United States District Court, S.D. New York

October 31, 2017

JAMIE MARTIN and DANEISHA SINGLETON, on behalf of themselves and all others similarly situated, and the Proposed New York Rule 23 Class, Plaintiffs,
v.
SPRINT UNITED MANAGEMENT CO., CREDICO USA, LLC, and WALLACE MORGAN, INC., Defendants.

          OPINION & ORDER

          PAUL A. ENGELMAYER UNITED STATES DISTRICT JUDGE

         Plaintiffs Jamie Martin and Daneisha Singleton brought this action on behalf of themselves and similarly situated persons, alleging violations of the Fair Labor Standards Act, 29 U.S.C. § 201, et. seq. ("FLSA"), and the New York Labor Law, N.Y. Lab. Law § 650, et. seq. ("NYLL"). Plaintiffs served as field agents securing low-income customers to acquire wireless telephones of defendant Sprint/United Management Company ("Sprint") pursuant to a federal subsidy program. They claimed primarily that they were misclassified as independent contractors rather than employees and that, as a result, they were denied statutorily required minimum wage and overtime compensation. They sought to hold Sprint and co-defendants Credico (USA), LLC ("Credico") and Wallace Morgan, Inc. ("Wallace Morgan") jointly responsible for this willful misclassification.

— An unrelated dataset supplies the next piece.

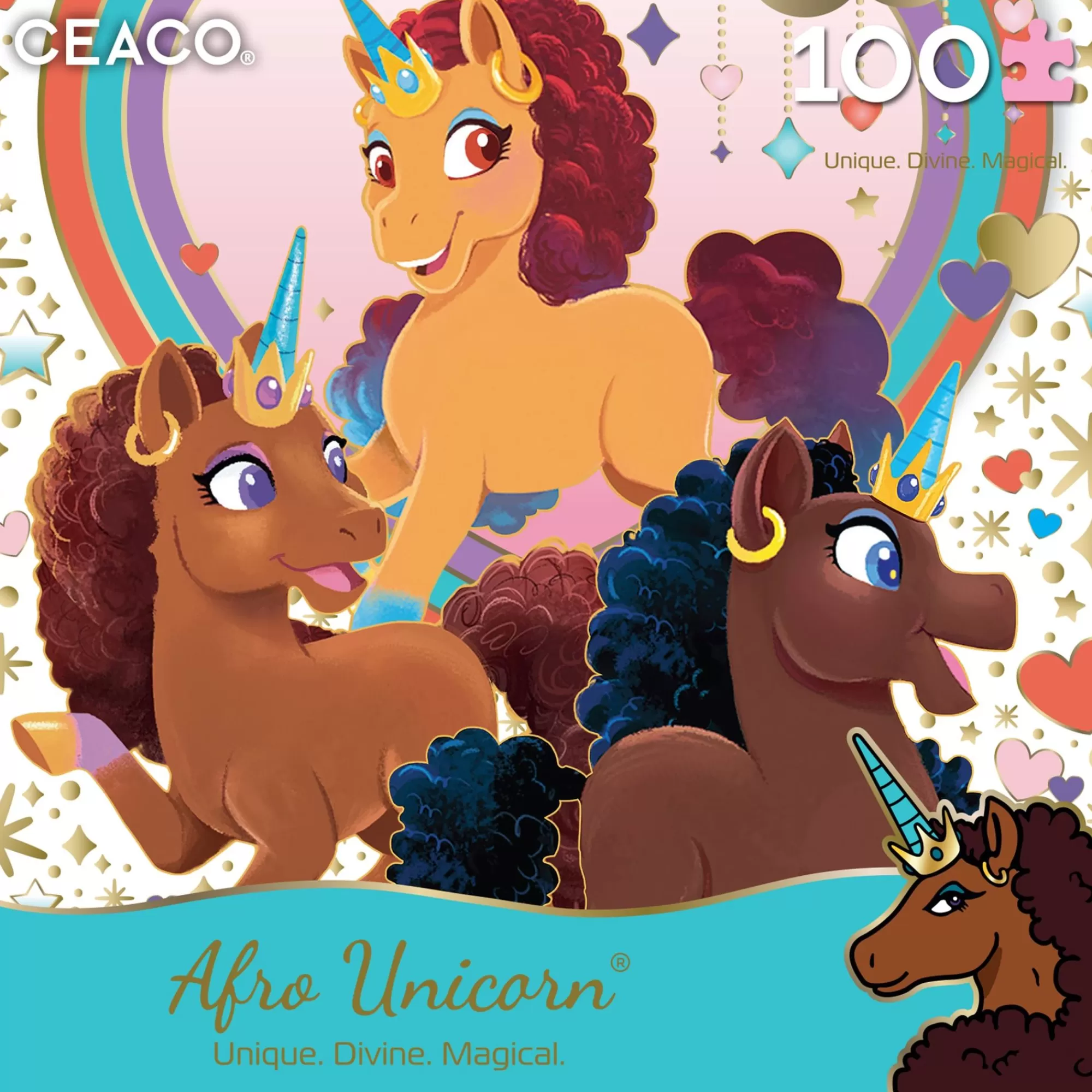 Ceaco Afro Unicorn - Collage - 100 Piece Puzzle* Kids Puzzles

         On September 27, 2017, this Court issued an opinion and order granting summary judgment in favor of defendants and denying partial summary judgment to plaintiffs. See Martin v. Sprint United Mgmt. Co., 15 Civ. 5237 (PAE), 2017 WL 4326109 (S.D.N.Y. Sept. 27, 2017). Without deciding whether plaintiffs were properly classified as employees or independent contractors, the Court held that (1) Sprint and Credico were not plaintiffs' joint employers, and (2) plaintiffs fell within the outside sales exemptions to the FLSA and NYLL. See Id. That ruling precluded liability altogether for Sprint and Credico, and precluded liability for Wallace Morgan on all claims against it save two: plaintiffs' wage-notice claims under NYLL sections 195(1)(a) and (3). Because the parties' briefing at summary judgment did not directly address those claims, the Court commissioned letter memoranda from plaintiffs and Wallace Morgan as to (1) whether an employer is bound to comply with the NYLL wage-notice provisions where New York's outside sales exemption applies, and (2), if so, how the Court ought to proceed with respect to these claims. See Martin, 2017 WL 4326109, at *34.

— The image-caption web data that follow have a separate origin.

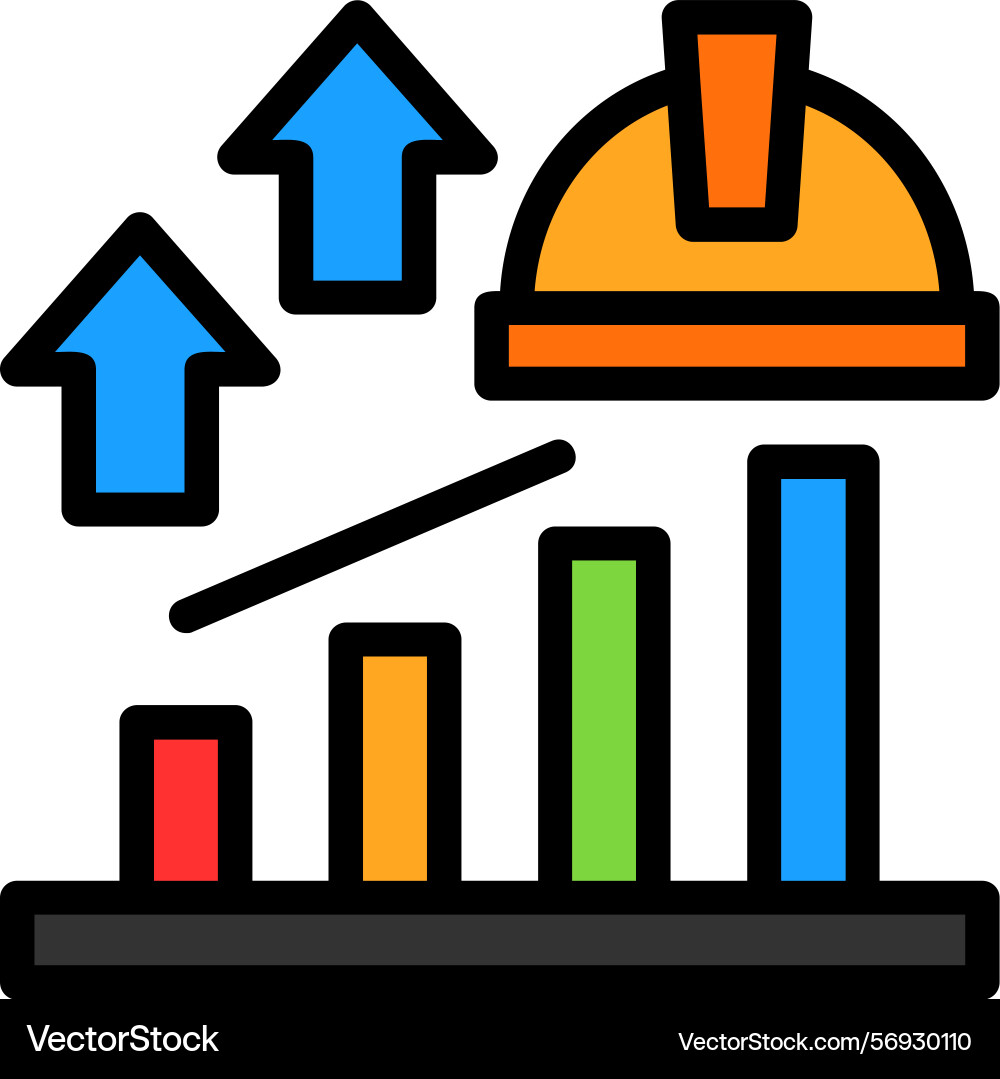 Arrow up line filled style icon design vector image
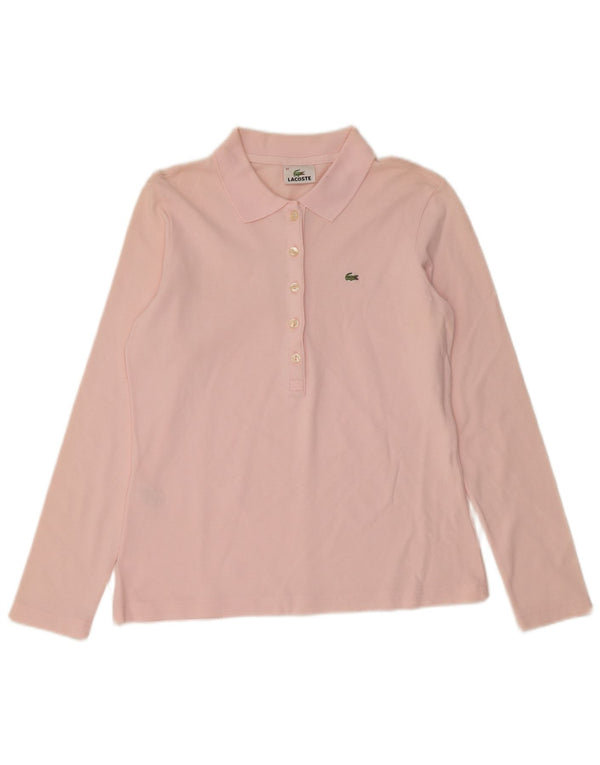 Polo da donna a maniche lunghe Lacoste taglia 42 grande in cotone rosa
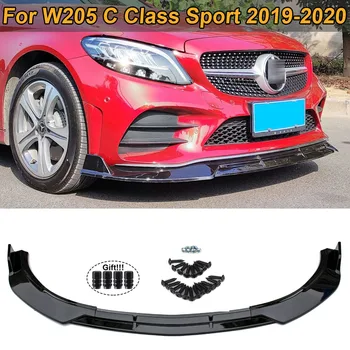 Pára-Choque Dianteiro Lip Spoiler Lado Divisor De Defletor De Body Kit Para A Mercedes Benz W205 Classe C C300 Esporte 2019-2020 Acessórios Do Carro
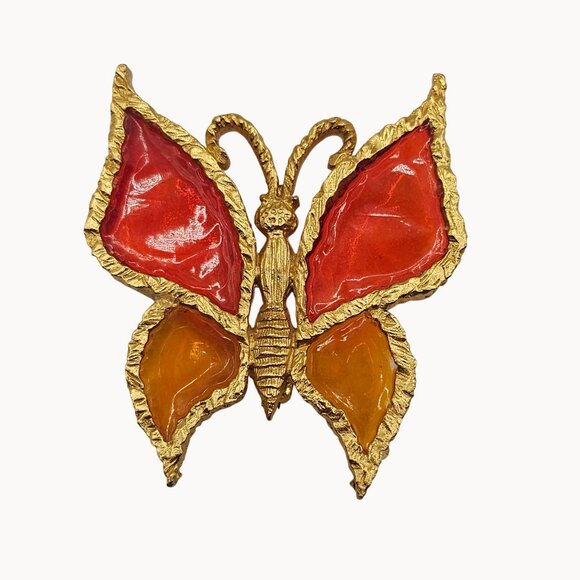 Vtg Red Amber Butterfly Brooch Pin Resin Wings Gold Tone Stained Glass Style - Picture 1 of 8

         The Court is now in receipt of those submissions. For the reasons that follow, the Court declines to exercise supplemental jurisdiction over these pendent state-law claims.

         I. Background

         The Court assumes the parties' familiarity with the facts and procedural history of this case, as set forth in the Court's summary judgment opinion. See Martin, 2017 WL 4326109, at *2-l 1. The Court nevertheless briefly recites certain facts relevant to the issue at hand.[1]

         Plaintiffs worked as field agents for Wallace Morgan on Sprint's Assurance Wireless campaign. JSF ¶ 52. Martin worked for Wallace Morgan from approximately March 29, 2015 through May 7, 2015. Id.¶l. Singleton worked for Wallace Morgan from approximately April 3, 2015 through May 7, 2015. Id. ¶ 4. Each signed an "Independent Sales Representative Agreement, " and each was paid by Wallace Morgan as an independent contractor. Id. ¶¶ 49-50, 56.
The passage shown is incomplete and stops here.